We sat down with Celine Rendon and Phoebe Romero, from the Office of Sustainability, earlier this week to talk about the climate plan update, its emphasis on equity, and how the public can get involved. You can watch the entire video or check out our summary below.
Wait. What’s a Community Climate Plan?
Austin’s Community Climate Plan was first approved by City Council in 2015, to help Austin reach its goal of net-zero greenhouse gas emissions by 2050. (That means virtually no emissions from the electricity we use, the things we throw away, or the cars we drive.) The plan included emission reduction targets for 2020, 2030, and 2040, as well as a list of over 130 actions that could be completed by both the city and the community to reduce emissions from energy, transportation and land use, industrial processes, and waste. It was developed in collaboration with city staff (led by the Office of Sustainability) and community leaders.
But now, about five years later, it’s time for an update. This time around, the plan is adding in some new topic areas:
- The things we all buy – most of our food, clothes, etc that we buy isn’t produced here. It’s made somewhere else and then shipped to us, which produces emissions.
- Natural systems – how can we naturally “capture” carbon with trees, soils, agriculture and other natural processes?

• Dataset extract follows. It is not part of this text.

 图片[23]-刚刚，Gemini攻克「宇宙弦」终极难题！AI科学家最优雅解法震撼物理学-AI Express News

And most importantly, this plan update is emphasizing equity and the ways it can intersect with climate action.
“We’re not just creating a plan, we’re really creating a culture, where we’re prioritizing this,” Celine said. “We’re talking about this as a climate justice issue, not just reducing our carbon emissions…This is going to impact everyone. And climate change is not going to impact everyone the same. And that’s why we are leading with race when we talk about this plan.”
Here’s how that’s happening.
Right now, five advisory groups and a steering committee made up of about 130 people (featuring city staff, nonprofit leaders, grassroots activists, and technical experts) are meeting monthly to develop targets and action items for the following topics areas:
- Transportation Electrification
- Sustainable Buildings
- Natural Systems
- Transportation and Land Use
- Consumerism/ Consumption
At the same time, the Office of Sustainability is partnering with the city’s Equity Office to apply an equity tool to screen actions and strategies that are coming out of these groups and being proposed for the climate plan. On top of that, 13 Climate Ambassadors are working with the Office of Sustainability to go into their own communities, lead conversations on climate change, and provide ongoing feedback for the plan.

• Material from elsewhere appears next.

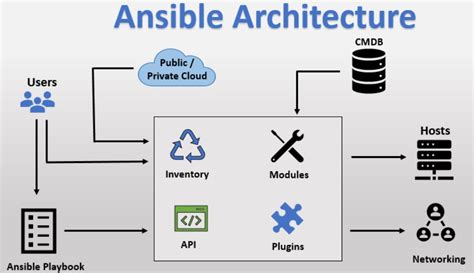 Ansible Cheatsheet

“It’s really courageous, I think, for the folks that are involved in this plan to be doing something like that… It’s creating something different and it’s starting to bring awareness to other folks in the sustainability community,” Celine said.
So how can you get involved?
Attend one of the upcoming community climate workshops! During these events, you’ll have the opportunity to share your ideas and feedback on everything from barriers that keep you from riding your bike more often, to how we can all buy less stuff. The dates and times are listed below:
- Transportation Electrification Community Workshop – Tuesday, February 4th from 5:30pm to 8pm at Town Lake Center
- Sustainable Buildings Community Workshop – Saturday, February 8th from 2pm to 4:30pm at Huston-Tillotson University
- Natural Systems Community Workshop – Tuesday, February 11th from 5:30pm to 8pm the Carver Library
- Transportation and Land Use Community Workshop – Thursday, February 13th from 5:30pm to 8pm at the Carver Library
- Consumerism and Climate Change Community Workshop – Saturday, February 22nd from 10am to 1:30pm (location TBA)

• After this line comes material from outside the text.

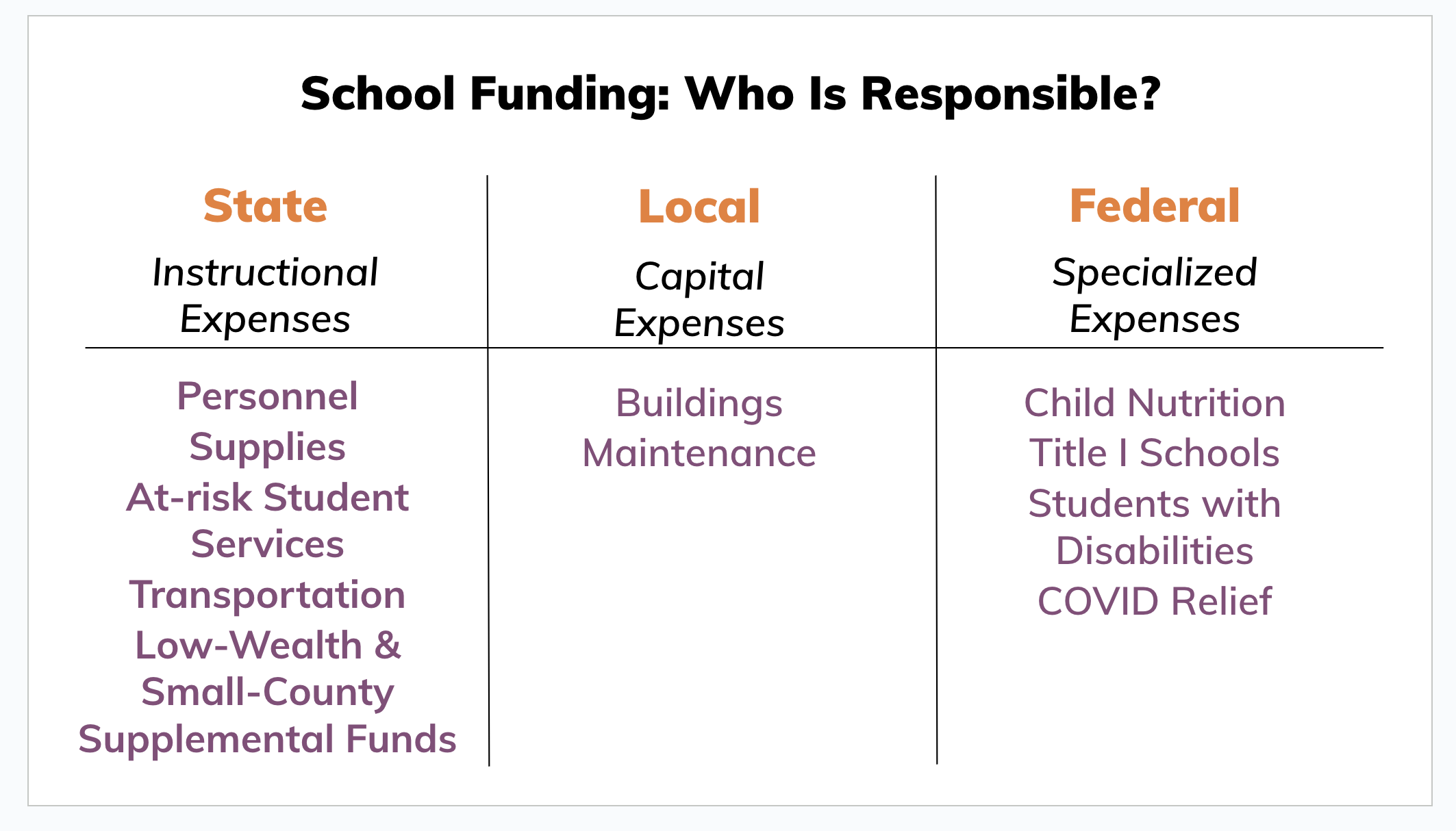 The fight for local teacher supplements—why it matters - Chatham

At all of these workshops, food and drinks will be provided, and supervised child activities will be available for kids age 3 and up.
“I think for a long time, the Austin community has been guilty of separating the environment and the natural systems from the people,” Phoebe said during our AEN interview. “And I think that is something we’re also trying to do, is to ensure that the residents are actually seen as part of our climate system… and make it resonate with everybody, not just a few folks.”